MOUNT VERNON — January is National Cervical Cancer Awareness & Screening Month, a time for women to make sure they are up-to-date on the yearly Pap test.
Cervical cancer, states a poster, “is prejudiced ... it only kills women.” But, when detected very early, the survival rate is 95 percent.
The Pap test — a sampling of cervical cells examined under a microscope — is the best detector of the cell changes that could lead to cervical cancer, and is often covered by insurance, Medicaid or Medicare. But the test is considered so important that free or low-cost tests are often available. For information on where to find such tests, call the National Cancer Institute’s Information Service at 800-4-CANCER.
“Over the last 10 years we’ve switched to different methods to evaluate the Pap test,” said Melissa Goist, M.D., a gynecologist at The Ohio State University Medical Center in Columbus. “Preparation is different now, which we feel has made the test more reliable.
“But women must remember that a Pap test is a screening test ... if it’s normal, it doesn’t mean there’s nothing wrong, and if it’s not normal, it doesn’t necessarily mean something’s wrong. That’s the important thing to remember. Pap tests have about a 70 percent accuracy rate.”
Goist said annual Pap tests should begin when women are 21, or three years after they have begun sexual activity.
“Whichever comes first,” she said.
Pap tests are recommended through age 70.
The human papillomavirus is the greatest risk factor for cervical cancer. The 100-plus types of HPV are often spread through sexual contact. In fact, women with multiple sex partners and women who began sexual activity at a young age, as well as women with human immunodeficiency virus, the precursor to AIDS, are at a greater-than-average risk of cervical cancer. The American Cancer Society states that “Most cases of cervical cancer can be prevented if a woman avoids sexual behaviors that lead to infection with HPV, the leading cause of cervical cancer.”
Modifiable risk factors include cigarette smoking, long-term use of oral contraceptives, obesity, chlamydia infection, multiple full-term pregnancies and a diet low in fruits and vegetables.
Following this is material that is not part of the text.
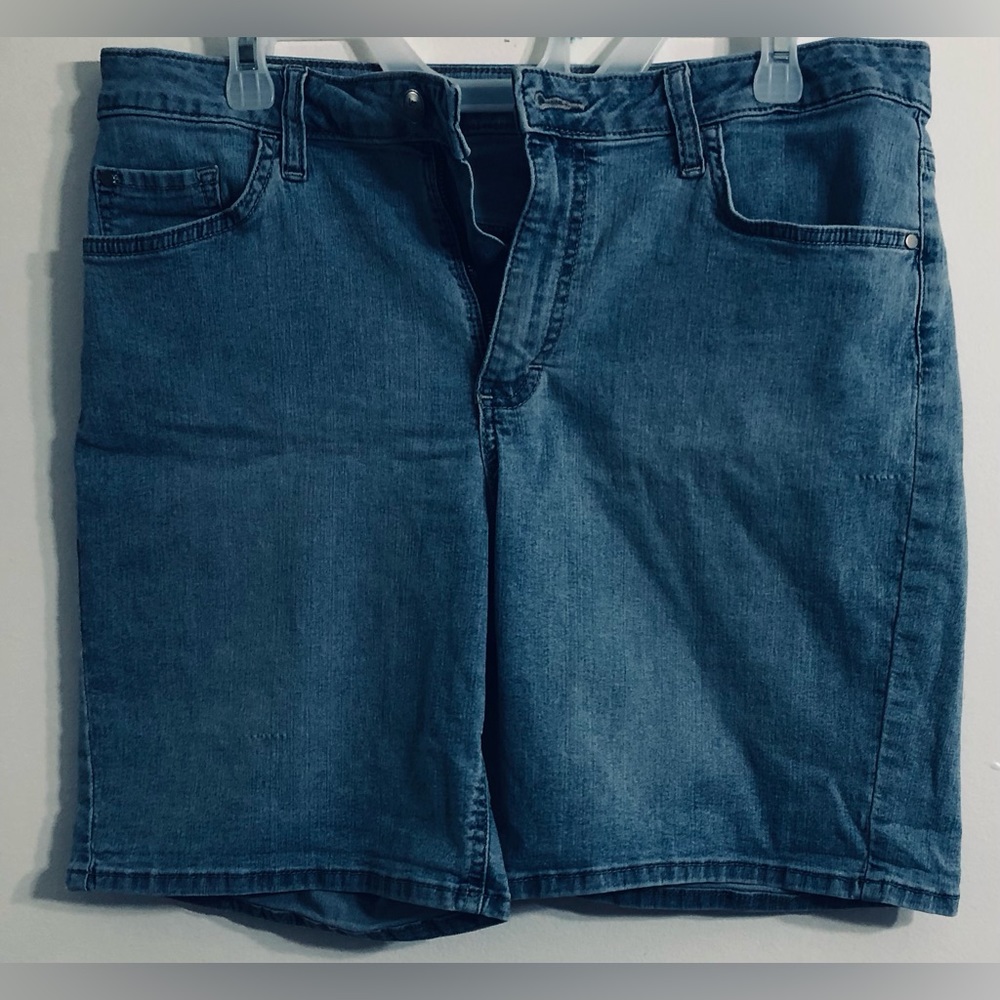 Lee Women’s Rider jean mid-rise Shorts  five pockets  front zipper. 14M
The vaccine Gardasil is the first developed to prevent the most common HPV infections. The Food and Drug Administration recommends it be administered before women become sexually active, and recommends it for ages 9 through 26.
“I’m in favor of Gardasil,” said Goist, “and heartily recommend it for my patients through age 26. The vaccine is for four of the most common types of HPV, but not all of them.”
Family history is also a factor of cervical cancer, as is race. According to the American Cancer Society, “Women who have a mother or sister who has had cervical cancer have two to three times increased risk,” and “Hispanic women have over twice the risk of developing cervical cancer compared to non-Hispanic white women, and African-American women have 1.5 times the risk of non-Hispanic white women.”
The ACS states that half of the women who develop cervical cancer are ages 35 to 55; 20 percent are diagnosed at age 65 and older. In Ohio, from 2001 through 2005, reports ACS, 66 percent of cervical cancer victims were 30 to 59. During that time period, there were 482 new cases annually in Ohio, with 157 annual deaths.
Although ACS predicted more than 11,000 new cases in 2008, deaths from cervical cancer — once the leading cause of female cancer deaths — are on the decline and have been every year since 1955, thanks to the Pap test and its increased use, public education and pelvic exams.
Women should know that there are usually no symptoms of cervical cancer until it is advanced. Those symptoms include abnormal vaginal bleeding, longer or heavier than usual menstrual bleeding and increased vaginal discharge. However, less serious health conditions can cause the same symptoms. The ACS states a healthy and safe lifestyle, an experienced gynecologist and annual Pap tests remain a woman’s best prevention against the disease.